### TASK GOAL
Copy each line of the records that contains the word "profile".

##### MATERIAL PROVIDED #####

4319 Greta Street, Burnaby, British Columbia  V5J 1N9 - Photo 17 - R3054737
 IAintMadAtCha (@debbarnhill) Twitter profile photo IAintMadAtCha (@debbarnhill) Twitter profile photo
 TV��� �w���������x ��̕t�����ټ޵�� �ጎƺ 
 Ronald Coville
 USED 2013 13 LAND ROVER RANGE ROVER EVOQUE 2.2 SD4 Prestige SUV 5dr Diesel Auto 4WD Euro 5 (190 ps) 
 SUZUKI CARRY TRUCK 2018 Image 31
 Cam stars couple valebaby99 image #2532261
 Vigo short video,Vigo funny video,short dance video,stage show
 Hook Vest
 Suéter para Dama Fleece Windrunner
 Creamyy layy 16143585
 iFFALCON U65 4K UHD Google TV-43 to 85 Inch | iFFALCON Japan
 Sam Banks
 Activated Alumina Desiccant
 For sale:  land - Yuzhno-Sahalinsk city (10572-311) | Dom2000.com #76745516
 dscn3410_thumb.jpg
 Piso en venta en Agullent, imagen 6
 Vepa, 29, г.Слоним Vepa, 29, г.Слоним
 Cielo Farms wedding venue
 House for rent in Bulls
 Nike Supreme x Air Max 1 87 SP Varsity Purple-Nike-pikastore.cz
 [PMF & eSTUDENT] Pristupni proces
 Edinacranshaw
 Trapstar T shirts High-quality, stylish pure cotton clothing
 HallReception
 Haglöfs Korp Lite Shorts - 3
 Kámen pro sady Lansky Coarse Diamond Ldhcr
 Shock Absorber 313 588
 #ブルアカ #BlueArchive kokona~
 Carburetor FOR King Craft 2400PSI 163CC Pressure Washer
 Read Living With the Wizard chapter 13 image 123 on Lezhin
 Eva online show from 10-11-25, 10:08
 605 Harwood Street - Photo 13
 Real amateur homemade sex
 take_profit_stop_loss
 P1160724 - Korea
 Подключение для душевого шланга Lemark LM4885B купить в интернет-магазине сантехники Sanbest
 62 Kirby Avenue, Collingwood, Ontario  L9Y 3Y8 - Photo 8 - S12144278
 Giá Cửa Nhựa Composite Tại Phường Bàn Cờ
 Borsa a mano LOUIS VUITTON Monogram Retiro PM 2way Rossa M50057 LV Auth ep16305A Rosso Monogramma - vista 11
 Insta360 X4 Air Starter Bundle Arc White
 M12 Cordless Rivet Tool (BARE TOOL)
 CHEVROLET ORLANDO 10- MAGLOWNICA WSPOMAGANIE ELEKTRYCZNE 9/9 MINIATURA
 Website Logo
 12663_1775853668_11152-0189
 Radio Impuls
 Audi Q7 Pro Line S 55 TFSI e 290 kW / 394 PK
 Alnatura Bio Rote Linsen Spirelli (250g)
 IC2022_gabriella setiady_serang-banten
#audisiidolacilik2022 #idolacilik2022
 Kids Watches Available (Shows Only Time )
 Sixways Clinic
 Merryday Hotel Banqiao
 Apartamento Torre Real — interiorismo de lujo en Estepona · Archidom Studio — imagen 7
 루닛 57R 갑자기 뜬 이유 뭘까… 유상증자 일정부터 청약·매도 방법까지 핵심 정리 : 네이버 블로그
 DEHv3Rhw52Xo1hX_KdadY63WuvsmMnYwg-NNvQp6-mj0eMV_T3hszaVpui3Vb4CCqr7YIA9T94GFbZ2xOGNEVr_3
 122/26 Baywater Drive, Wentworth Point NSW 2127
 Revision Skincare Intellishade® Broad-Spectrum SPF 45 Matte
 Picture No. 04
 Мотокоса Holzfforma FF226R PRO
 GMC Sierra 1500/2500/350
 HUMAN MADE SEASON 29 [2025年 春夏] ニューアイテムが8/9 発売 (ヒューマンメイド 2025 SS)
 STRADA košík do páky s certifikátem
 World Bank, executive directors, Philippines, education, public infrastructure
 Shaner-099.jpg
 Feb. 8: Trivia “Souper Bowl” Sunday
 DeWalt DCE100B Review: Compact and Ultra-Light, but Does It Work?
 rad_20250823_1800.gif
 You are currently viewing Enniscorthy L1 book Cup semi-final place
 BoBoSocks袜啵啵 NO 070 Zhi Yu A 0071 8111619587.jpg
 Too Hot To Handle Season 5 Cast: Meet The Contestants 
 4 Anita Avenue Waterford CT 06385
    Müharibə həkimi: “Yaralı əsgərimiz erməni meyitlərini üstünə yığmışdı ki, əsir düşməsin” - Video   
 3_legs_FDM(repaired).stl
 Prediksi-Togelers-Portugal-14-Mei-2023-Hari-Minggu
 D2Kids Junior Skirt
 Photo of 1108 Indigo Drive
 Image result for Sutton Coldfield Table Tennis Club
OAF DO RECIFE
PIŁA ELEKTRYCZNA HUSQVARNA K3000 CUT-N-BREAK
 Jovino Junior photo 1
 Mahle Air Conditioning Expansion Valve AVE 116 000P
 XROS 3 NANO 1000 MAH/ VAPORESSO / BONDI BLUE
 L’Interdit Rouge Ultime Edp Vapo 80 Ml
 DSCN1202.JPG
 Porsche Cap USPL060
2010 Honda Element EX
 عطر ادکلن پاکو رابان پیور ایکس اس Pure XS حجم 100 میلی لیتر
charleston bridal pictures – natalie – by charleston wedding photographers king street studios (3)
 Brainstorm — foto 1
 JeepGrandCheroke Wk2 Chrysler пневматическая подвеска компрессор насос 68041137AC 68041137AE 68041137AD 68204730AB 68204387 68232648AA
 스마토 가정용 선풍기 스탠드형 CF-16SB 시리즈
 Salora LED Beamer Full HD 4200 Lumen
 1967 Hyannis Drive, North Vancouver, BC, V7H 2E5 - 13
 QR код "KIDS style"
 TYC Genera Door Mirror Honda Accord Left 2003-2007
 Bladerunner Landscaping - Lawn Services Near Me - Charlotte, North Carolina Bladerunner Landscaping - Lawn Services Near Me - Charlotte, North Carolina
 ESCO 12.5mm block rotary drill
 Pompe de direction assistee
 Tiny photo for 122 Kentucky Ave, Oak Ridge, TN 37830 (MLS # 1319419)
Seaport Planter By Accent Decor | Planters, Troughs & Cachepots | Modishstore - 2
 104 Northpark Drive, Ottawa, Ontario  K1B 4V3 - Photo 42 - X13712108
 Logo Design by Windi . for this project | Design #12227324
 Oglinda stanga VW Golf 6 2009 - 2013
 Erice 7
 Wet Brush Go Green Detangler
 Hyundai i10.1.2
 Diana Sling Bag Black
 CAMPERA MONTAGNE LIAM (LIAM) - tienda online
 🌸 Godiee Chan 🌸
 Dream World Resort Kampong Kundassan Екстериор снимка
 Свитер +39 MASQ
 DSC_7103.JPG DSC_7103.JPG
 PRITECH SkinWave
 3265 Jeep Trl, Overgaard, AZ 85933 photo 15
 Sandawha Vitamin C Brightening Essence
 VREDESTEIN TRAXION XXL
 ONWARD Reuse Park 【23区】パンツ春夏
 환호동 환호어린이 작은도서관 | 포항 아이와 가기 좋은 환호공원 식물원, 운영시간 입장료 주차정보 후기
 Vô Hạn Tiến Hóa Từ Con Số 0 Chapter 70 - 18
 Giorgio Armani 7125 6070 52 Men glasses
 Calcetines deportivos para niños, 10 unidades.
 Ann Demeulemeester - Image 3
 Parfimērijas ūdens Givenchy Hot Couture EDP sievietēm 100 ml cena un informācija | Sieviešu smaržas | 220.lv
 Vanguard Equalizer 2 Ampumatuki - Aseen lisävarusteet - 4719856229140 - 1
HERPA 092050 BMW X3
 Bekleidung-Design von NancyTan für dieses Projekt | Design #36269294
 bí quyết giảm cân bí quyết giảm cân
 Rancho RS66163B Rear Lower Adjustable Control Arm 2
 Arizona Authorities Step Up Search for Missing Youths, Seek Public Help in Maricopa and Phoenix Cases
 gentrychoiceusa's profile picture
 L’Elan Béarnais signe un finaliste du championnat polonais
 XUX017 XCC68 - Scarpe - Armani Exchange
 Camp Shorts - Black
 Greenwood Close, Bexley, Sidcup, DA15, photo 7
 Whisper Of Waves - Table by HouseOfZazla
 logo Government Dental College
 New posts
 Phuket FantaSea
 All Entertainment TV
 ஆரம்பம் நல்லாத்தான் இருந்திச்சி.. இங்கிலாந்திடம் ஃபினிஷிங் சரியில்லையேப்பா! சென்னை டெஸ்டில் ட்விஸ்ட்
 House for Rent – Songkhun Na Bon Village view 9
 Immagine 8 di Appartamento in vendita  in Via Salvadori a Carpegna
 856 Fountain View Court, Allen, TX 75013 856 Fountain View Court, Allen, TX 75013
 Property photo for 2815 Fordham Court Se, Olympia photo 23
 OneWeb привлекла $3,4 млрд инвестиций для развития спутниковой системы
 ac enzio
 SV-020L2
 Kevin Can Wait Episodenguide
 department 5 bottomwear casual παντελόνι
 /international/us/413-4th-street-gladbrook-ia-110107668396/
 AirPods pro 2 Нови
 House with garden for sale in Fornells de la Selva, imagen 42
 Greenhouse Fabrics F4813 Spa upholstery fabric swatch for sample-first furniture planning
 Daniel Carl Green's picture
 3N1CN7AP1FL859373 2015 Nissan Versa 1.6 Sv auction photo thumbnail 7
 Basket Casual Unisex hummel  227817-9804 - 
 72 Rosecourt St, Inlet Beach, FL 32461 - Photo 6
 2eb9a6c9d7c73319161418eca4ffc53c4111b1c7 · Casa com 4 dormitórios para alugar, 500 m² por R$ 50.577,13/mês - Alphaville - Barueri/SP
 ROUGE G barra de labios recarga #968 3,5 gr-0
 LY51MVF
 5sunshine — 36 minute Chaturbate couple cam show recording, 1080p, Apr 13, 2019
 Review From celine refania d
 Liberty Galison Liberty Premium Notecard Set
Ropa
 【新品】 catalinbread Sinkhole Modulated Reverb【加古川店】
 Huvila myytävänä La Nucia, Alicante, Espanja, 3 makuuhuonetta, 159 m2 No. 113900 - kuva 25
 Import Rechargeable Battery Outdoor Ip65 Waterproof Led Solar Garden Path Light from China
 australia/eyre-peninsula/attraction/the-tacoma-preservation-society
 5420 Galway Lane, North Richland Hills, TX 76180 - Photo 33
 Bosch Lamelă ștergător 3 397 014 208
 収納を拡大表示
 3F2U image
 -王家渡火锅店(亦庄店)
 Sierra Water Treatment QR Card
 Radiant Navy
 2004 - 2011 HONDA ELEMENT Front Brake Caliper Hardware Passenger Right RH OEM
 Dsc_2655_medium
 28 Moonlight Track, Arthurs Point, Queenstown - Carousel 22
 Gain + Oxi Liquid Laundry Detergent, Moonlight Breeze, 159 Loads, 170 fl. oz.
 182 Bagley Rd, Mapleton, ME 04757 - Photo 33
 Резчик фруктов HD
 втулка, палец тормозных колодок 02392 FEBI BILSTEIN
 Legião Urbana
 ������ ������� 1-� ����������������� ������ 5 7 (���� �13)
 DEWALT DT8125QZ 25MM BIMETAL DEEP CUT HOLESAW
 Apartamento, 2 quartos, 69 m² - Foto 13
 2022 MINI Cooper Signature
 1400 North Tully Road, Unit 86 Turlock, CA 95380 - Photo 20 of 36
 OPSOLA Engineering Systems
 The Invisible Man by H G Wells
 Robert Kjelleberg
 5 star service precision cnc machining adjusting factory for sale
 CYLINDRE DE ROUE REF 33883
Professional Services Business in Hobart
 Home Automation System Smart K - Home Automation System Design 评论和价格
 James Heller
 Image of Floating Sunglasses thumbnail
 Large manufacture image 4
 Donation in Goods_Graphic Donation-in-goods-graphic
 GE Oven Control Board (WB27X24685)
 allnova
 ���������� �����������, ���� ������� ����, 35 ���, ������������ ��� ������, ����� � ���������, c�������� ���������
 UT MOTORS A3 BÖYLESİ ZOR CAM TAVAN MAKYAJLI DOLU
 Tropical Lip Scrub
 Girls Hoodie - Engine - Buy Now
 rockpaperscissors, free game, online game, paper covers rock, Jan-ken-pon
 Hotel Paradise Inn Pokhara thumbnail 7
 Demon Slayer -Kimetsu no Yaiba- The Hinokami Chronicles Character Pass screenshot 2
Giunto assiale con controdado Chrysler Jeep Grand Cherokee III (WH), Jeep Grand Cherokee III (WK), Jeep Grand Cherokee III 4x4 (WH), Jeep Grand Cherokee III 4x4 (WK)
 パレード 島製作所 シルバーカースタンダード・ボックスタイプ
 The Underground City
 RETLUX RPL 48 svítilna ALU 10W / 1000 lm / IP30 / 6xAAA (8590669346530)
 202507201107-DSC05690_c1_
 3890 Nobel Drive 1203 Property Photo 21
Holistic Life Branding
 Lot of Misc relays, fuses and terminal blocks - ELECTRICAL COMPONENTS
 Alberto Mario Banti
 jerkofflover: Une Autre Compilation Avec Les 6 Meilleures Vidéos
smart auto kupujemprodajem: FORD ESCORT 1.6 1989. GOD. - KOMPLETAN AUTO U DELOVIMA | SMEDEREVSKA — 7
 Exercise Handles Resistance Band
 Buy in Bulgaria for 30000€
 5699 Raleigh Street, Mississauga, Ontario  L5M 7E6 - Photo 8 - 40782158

#####

### RESULT OF THE TASK
 IAintMadAtCha (@debbarnhill) Twitter profile photo IAintMadAtCha (@debbarnhill) Twitter profile photo
 gentrychoiceusa's profile picture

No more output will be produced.